Review: Mabel the Mafioso Dwarf

Mabel the Mafioso Dwarf Mabel the Mafioso Dwarf by Sherry Peters
My rating: 4 of 5 stars

I also read and reviewed the previous book in this series (via Netgalley, as with this one), and found it enjoyable enough that I picked up the second as well. While I thought it had some flaws, they're not fatal, and would be relatively simple to correct.

Once again, we have a freshened-up sword-and-sorcery world, charmingly rendered. It's surprising how a couple of elements from the USA in the 1930s (movies and gangsters) perk up a potentially paint-by-numbers D&D-style fantasy world, making the familiar tropes into background furniture rather than subjecting us to grinding through another dull iteration of them.

Mabel is a delightful heroine, authentically brave in a quiet and determined way. There isn't much outright action, and the story starts with a lot of preliminary throat-clearing and doesn't show us any conflict to speak of for a long time (one of the flaws I mentioned), but once the conflict does start I found it kept my interest. I did feel that Mabel perhaps triumphed a little too thoroughly, given the overall situation, but otherwise her success was satisfying.

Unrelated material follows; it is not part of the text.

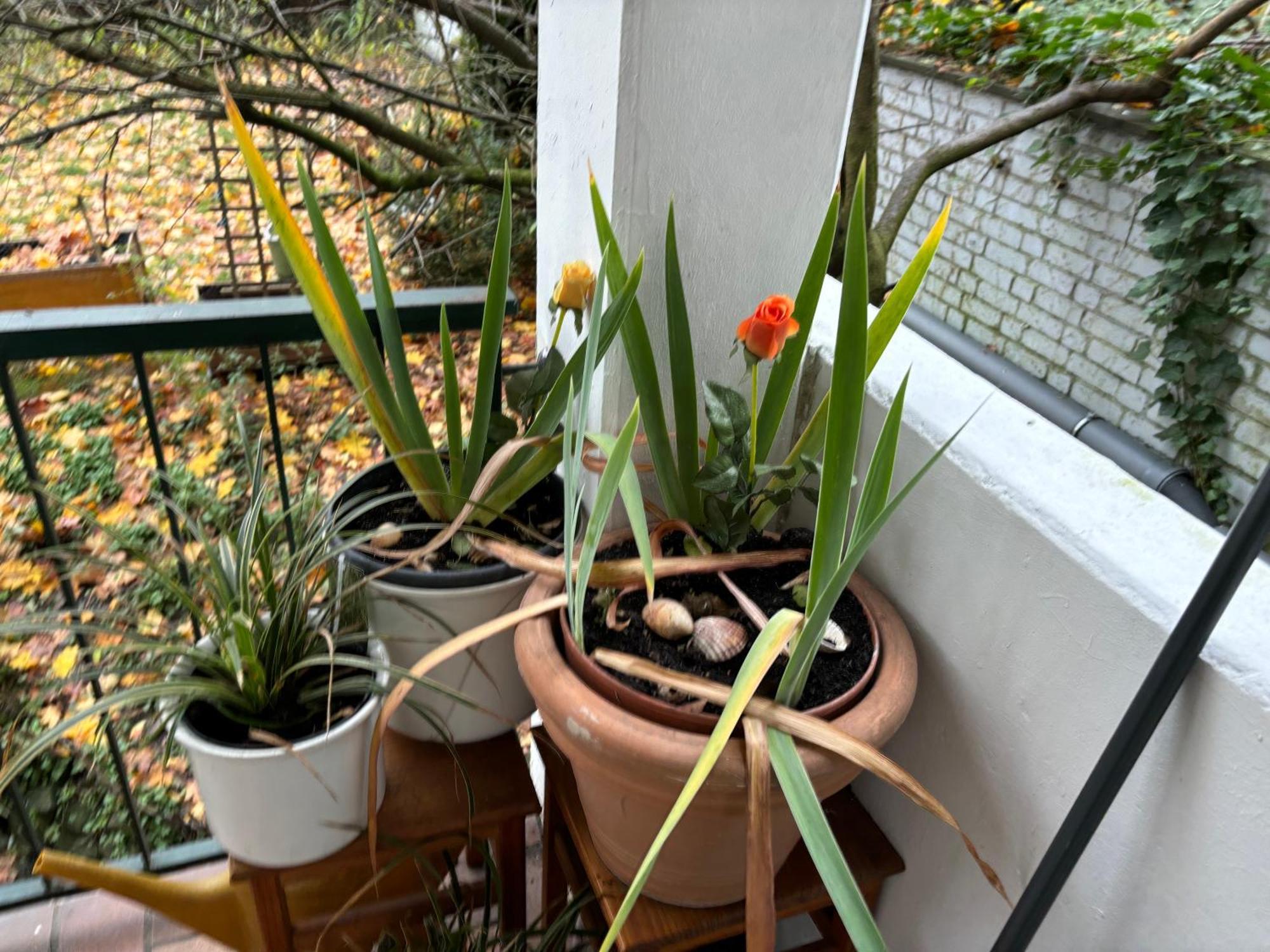 Koeln Wohnung 4 Min Naehe Von Hbf Und Dom Mit Garten ,Balkon & Office ภายนอก รูปภาพ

The writing had some basic (albeit common) issues. Most notable were commas before the main verb (and in other unnecessary places), and commas missing before terms of address, but to me the biggest problem was the long parade of simple declarative sentences. While the narrator was intended to be unsophisticated and naive, the writing style, to me, overdid that aspect. There were also a few other commonly-made errors: homonyms (backwards/backward, definitively/definitely, compliment/complement, reigns/reins, breech/breach), "a millennia" instead of "a millennium", "may" used where it should have been "might", and missing past perfect tense from time to time. All of these are errors that I see a lot of authors making, but there were quite a few of them, more than I felt there should have been in a book that credits an editor, from an author who has graduated from the Seton Hill MFA program and from Clarion.

One thing I thought was mostly done well was the recap, reminding readers of what had gone on in the first book. Since I read that book a while ago, and have read a lot of others since, I needed the refresher. However, there were two things missing that I noticed: firstly, we're never explicitly reminded of what exactly the problem was with Mabel's mother that caused her exile, and secondly, there are several mentions of dwarfs braiding (or not braiding) their beards before we're reminded of what that signifies in their culture: that they're looking (or not looking) for a relationship.

Mabel's own relationships with family and friends were well explored, I thought, and made sense. Character and character relationships are definite strengths of the author, and with a bit more cutting to the chase and some revision on sentence structure and other writing basics, this would be an excellent book. As it is, it's entertaining and enjoyable.